Theoretically, tree is invariant for X simple transformation, such as “a * X - b”. However, I do some simple tests, and I surprisingly found different version xgboost has different odd behavior, and all simple transformation will lead to unequal results. Here is the R code:
xgboost 0.71.2, change X
to X - 8
library(xgboost)
set.seed(111)
N <- 80000
p <- 50
X <- matrix(runif(N * p, 0, 1), ncol = p)
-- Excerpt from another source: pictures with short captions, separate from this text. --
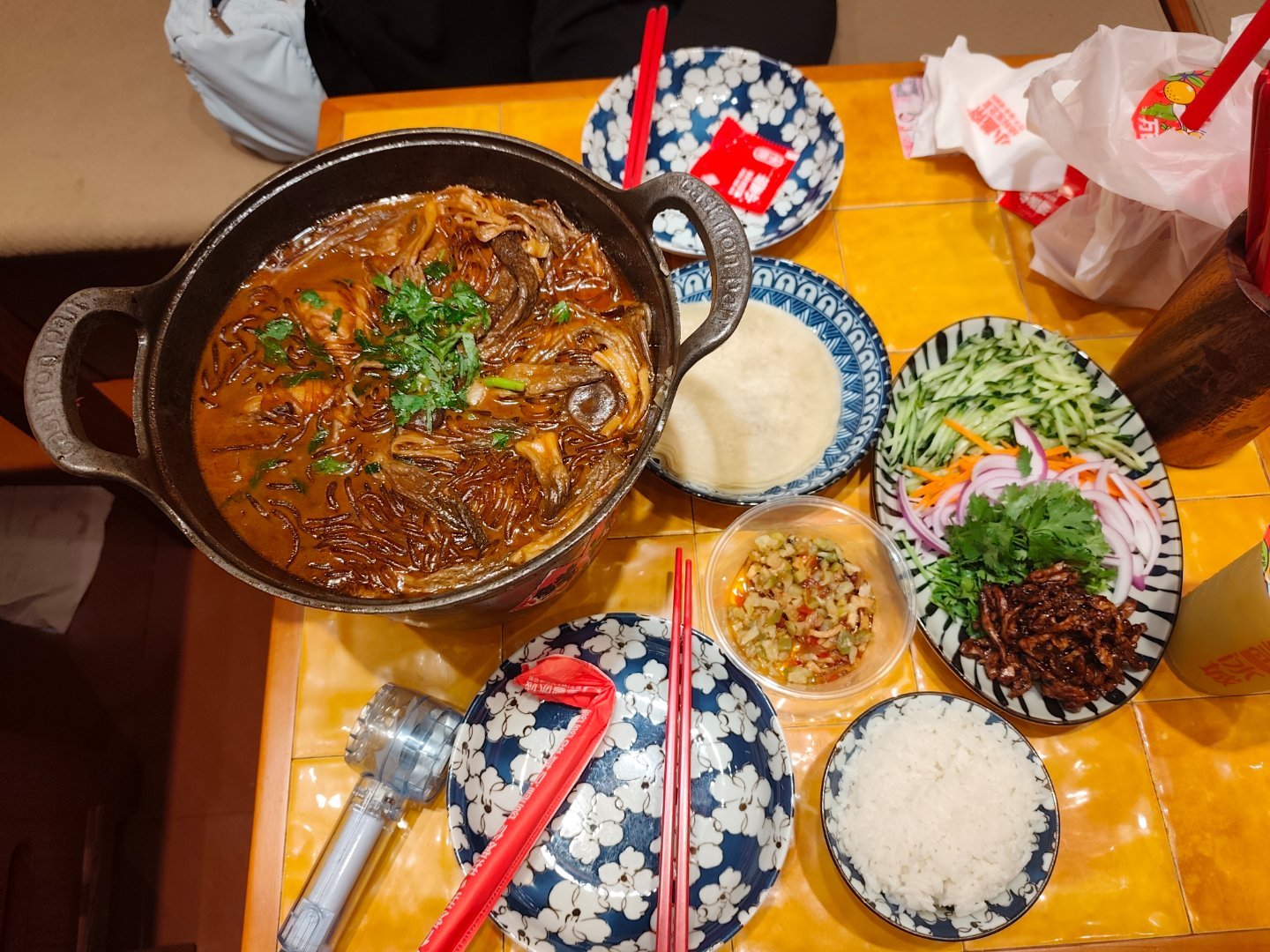 小盖帘地标东北菜(花城汇店)在花城汇这边打卡了以后，寻觅午餐的店铺，路...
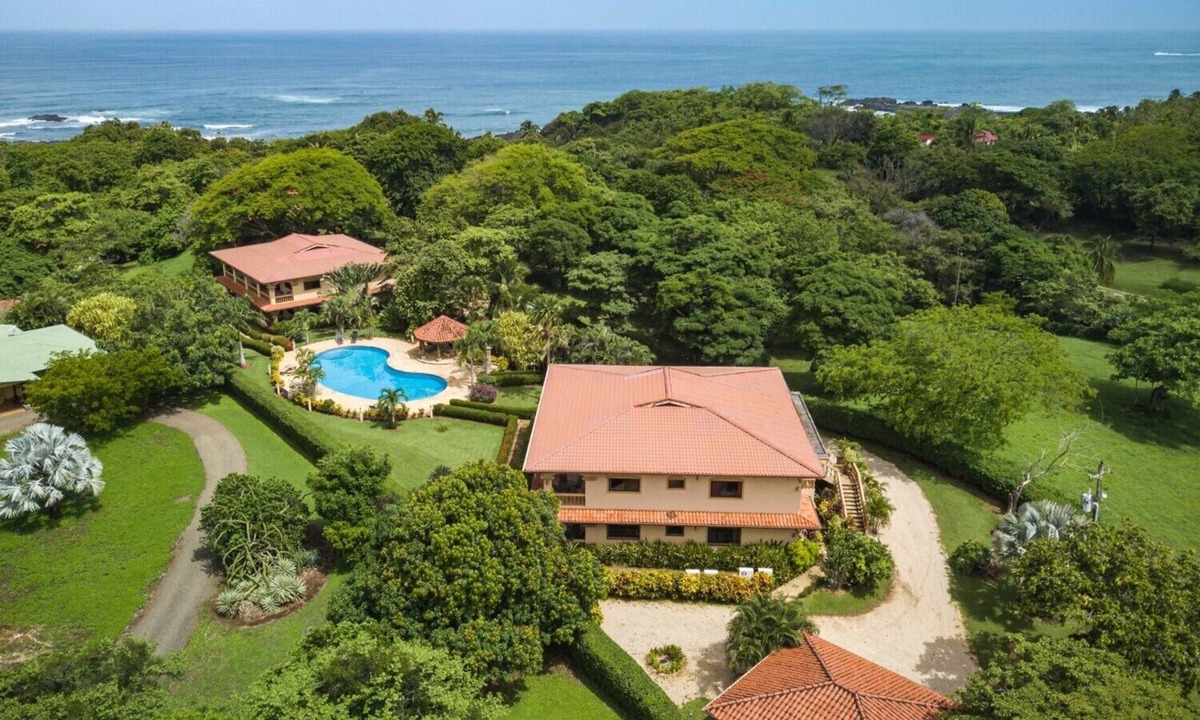 Junquillal Condo | Newley renovated 2BR condo with pool near beach - Villa Pacifico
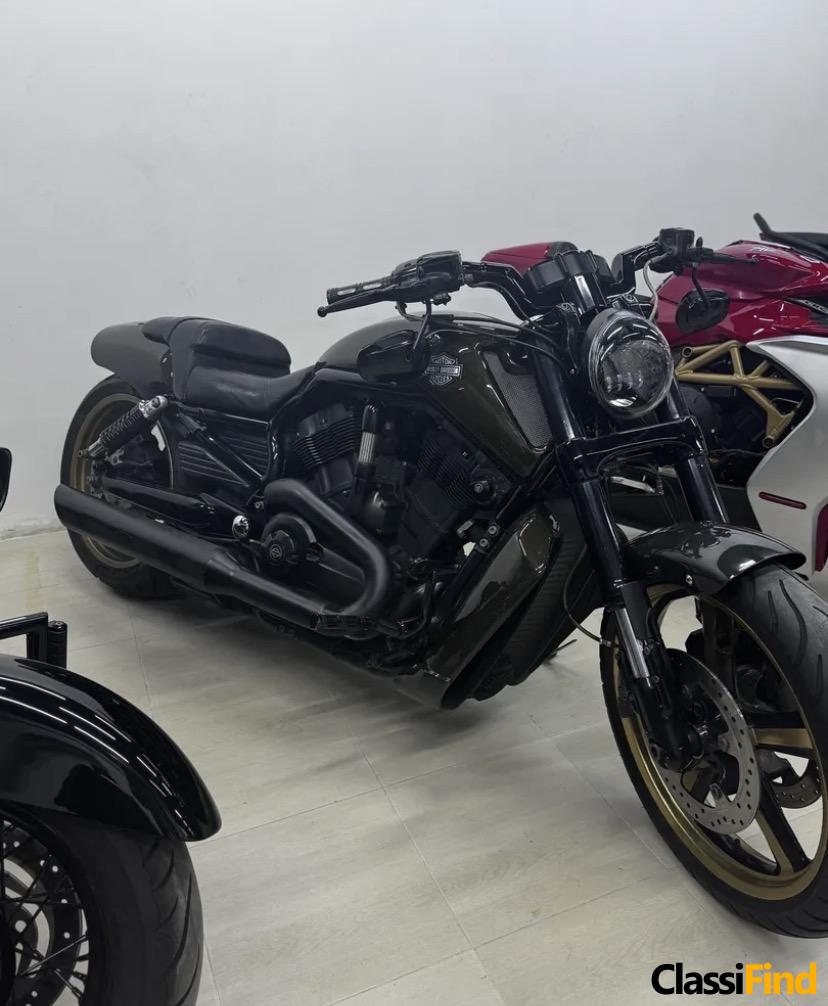 للبيع: هارلي ديفيدسون في-رود ماسل 2010 مع ترقيات كاملة من ألياف الكربون – حالة ممتازة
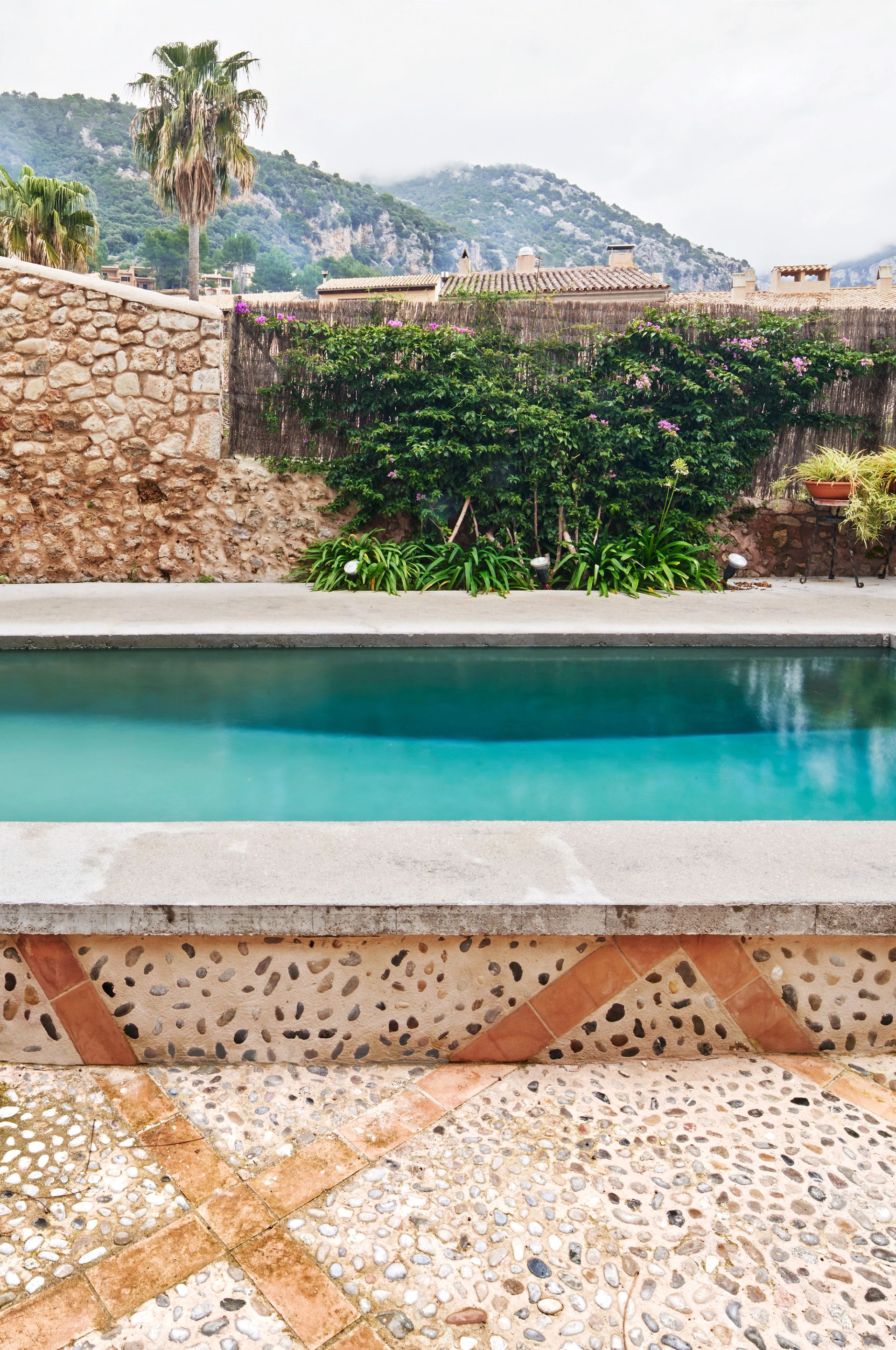 VALLDEMOSSA 002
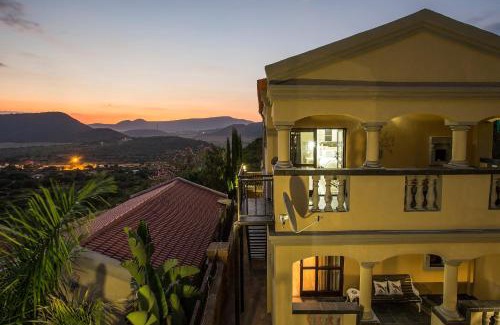 Ohrigstad Bed & Breakfast | The Royal Palm B&B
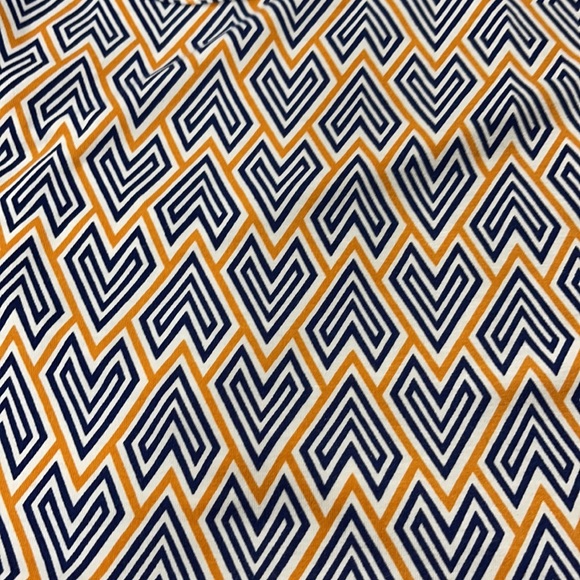 LuLaRoe New Large Geometric Classic T Shirt NWT - Picture 2 of 9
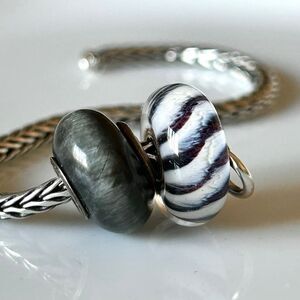 TROLLBEADS Set of 2 Grey Wolf LAA 925S NEW w SzilvaBeads Eagle Eye Gray Gemstone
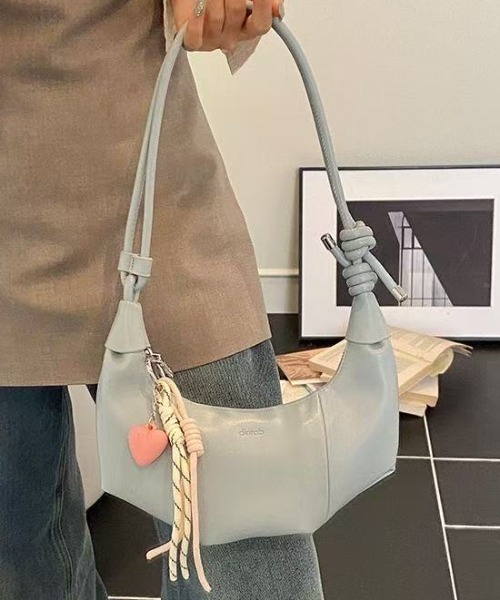Achic(アシック)の「メタリックワンハンドルバッグ(ハンドバッグ・レディース・イエロー/アイボリー/ブラック/ブルーグリーン/シルバー・F)」の17枚目の写真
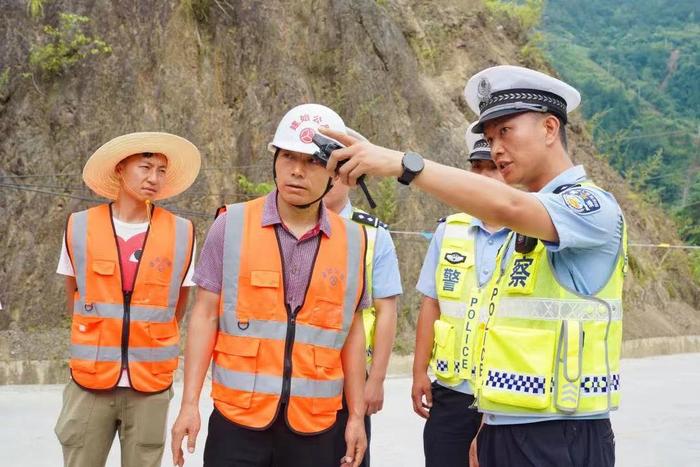 一身警服，一辆巡逻车，他是群众守护神……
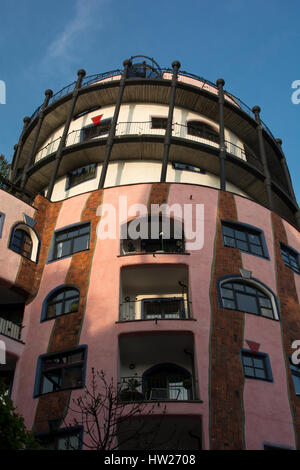 Die Grüne Zitadelle von Magdeburg war das letzte Bauwerk von Friedensreich Hundertwasser geplant und wurde nur fünf Jahre nach seinem Tod fertiggestellt Stockfoto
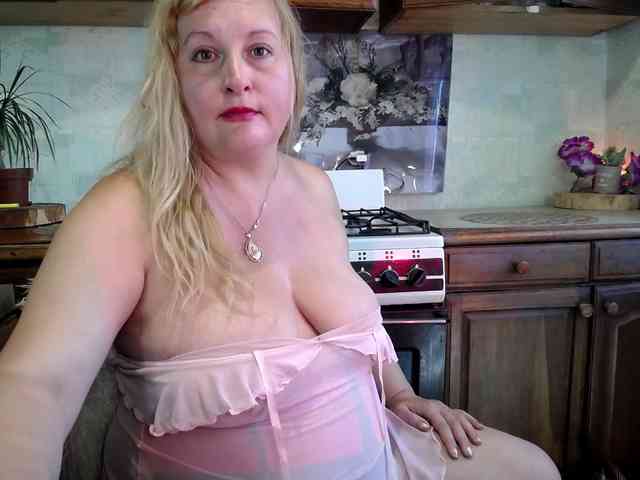 XHelenaX99 webcam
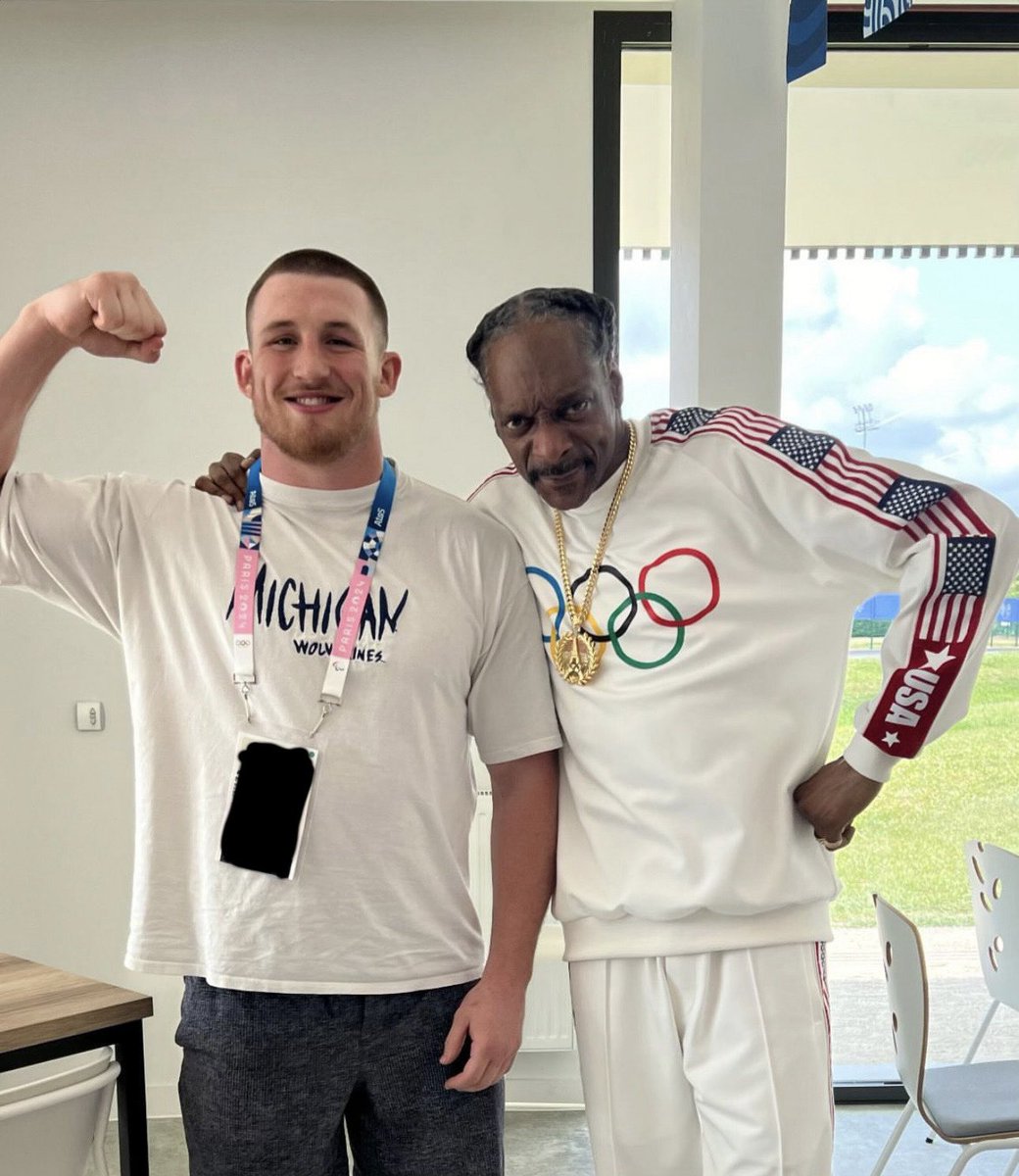 Snoop D O Double G 🤝 Mason Parris 

#OlympainsMadeHere #NCAAWrestling x 📸 IG/<a href="/Parris58/">Mason Parris</a>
colnames(X) <- paste0("x", 1:p)
beta <- runif(p)
y <- X %*% beta #+ rnorm(N, mean = 0, sd = 0.1)
tr <- sample.int(N, N * 0.75)
###
param1 <- list(nrounds = 10, num_parallel_tree = 1, nthread = 10L, eta = 0.3, max_depth = 30,
seed = 2018, colsample_bytree = 1, subsample = 1, min_child_weight = 10,
tree_method = "exact")
param1$data <- X[tr,]
param1$label <- y[tr]
set.seed(2019)
bst1 <- do.call(xgboost::xgboost, param1)
test_pred1 <- predict(bst1, newdata = X[-tr,])
newX <- X - 8
param2 <- list(nrounds = 10, num_parallel_tree = 1, nthread = 10L, eta = 0.3, max_depth = 30,
seed = 2018, colsample_bytree = 1, subsample = 1, min_child_weight = 10,
tree_method = "exact")
param2$data <- newX[tr,]
param2$label <- y[tr]
set.seed(2019)
bst2 <- do.call(xgboost::xgboost, param2)
test_pred2 <- predict(bst2, newdata = newX[-tr,])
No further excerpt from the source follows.